The Hawks got Maryland's attention from the opening tip by making eight of their first 12 shots, partly by running with the Terps in transition, partly by spreading the floor in Princeton-like style.
That helped Monmouth take an early 7-4 lead. It also allowed the Hawks to hang around with Maryland for much of the first half.
After Holden converted a three-point play and Dixon made a three-pointer to give Maryland a 10-7 lead, the Hawks traded baskets with Maryland over the next four minutes, taking a 17-16 lead with 11:50 left when Cameron Milton converted a layup after a blown dunk by Wilcox.
Maryland, which used nine players in the game's first nine minutes, bounced back with a 7-0 run to take a 23-17 lead.
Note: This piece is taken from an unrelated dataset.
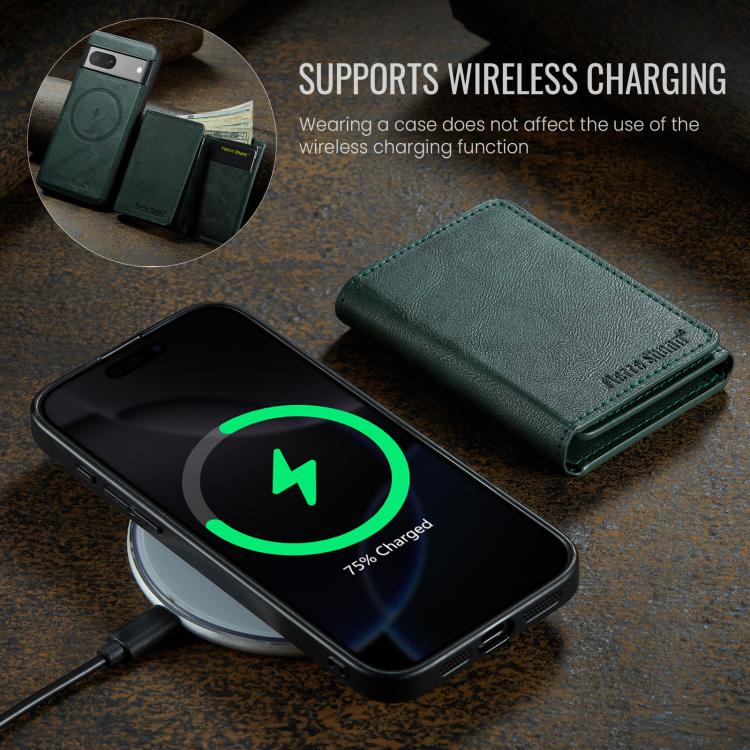 For Google Pixel 7 Fierre Shann 2 in 1 Holder RFID Card Slot Wallet MagSafe Phone Case(Green)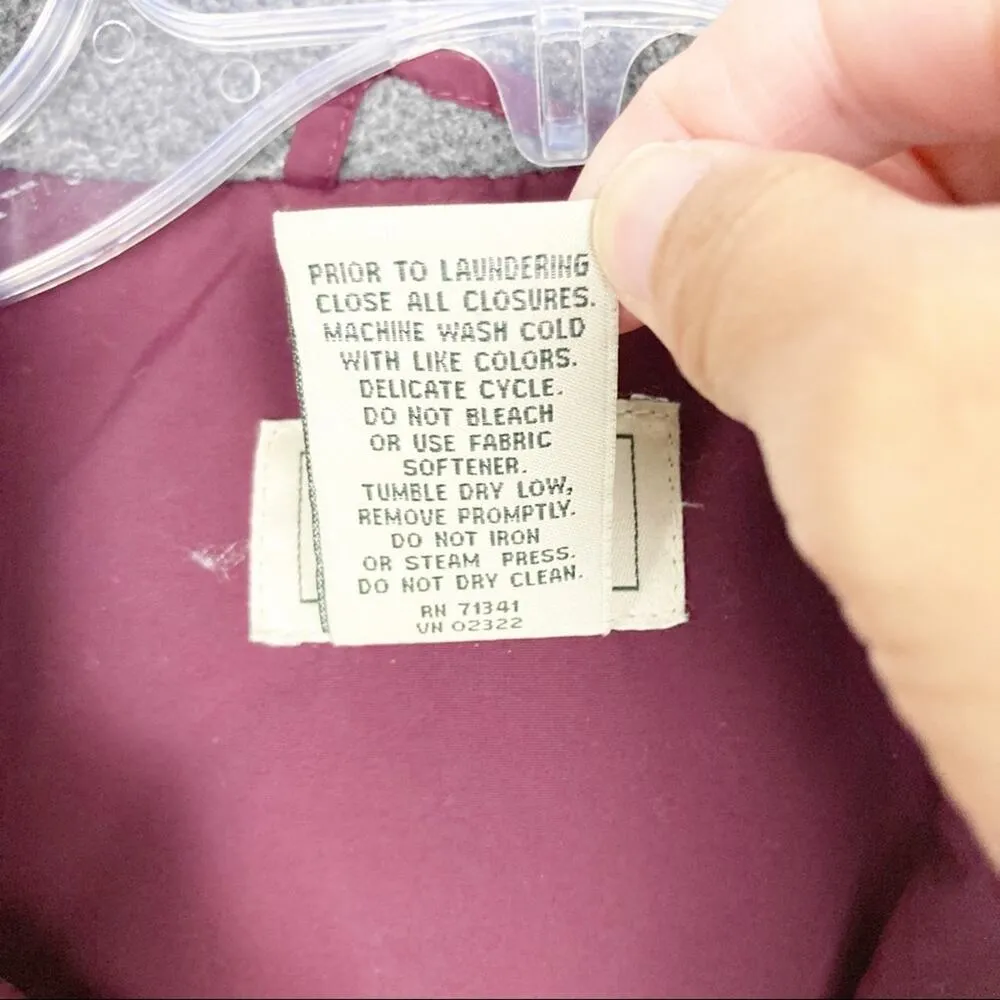 LL Bean Maroon Nylon Full Zip Coat Fleece Lined Sz S - Image 6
Anderson, despite a chronic hip flexor strain, slowed Maryland with his second three-pointer of the half, but the Terps bore down with a 15-6 run, as four different players scored. Guard Drew Nicholas started the run with a fast-break layup, then finished it by making two free throws to give the Terps a 38-26 lead with 3:37 left.
Anderson would not let the Terps run away. He made two three-pointers in the final minute, including a buzzer beater from the right corner that trimmed Marylands halftime lead to 46-37. Then came the knockout blow.
"Monmouth is pretty good. It's not hard to get up for the No. 2 team [in USA Today/ESPN coaches' poll] in the country," Dixon said. "Coach came in here and gave us a mouthful at halftime, and we just wanted to limit their looks [at the basket] in the second half. I think we did a good job of that."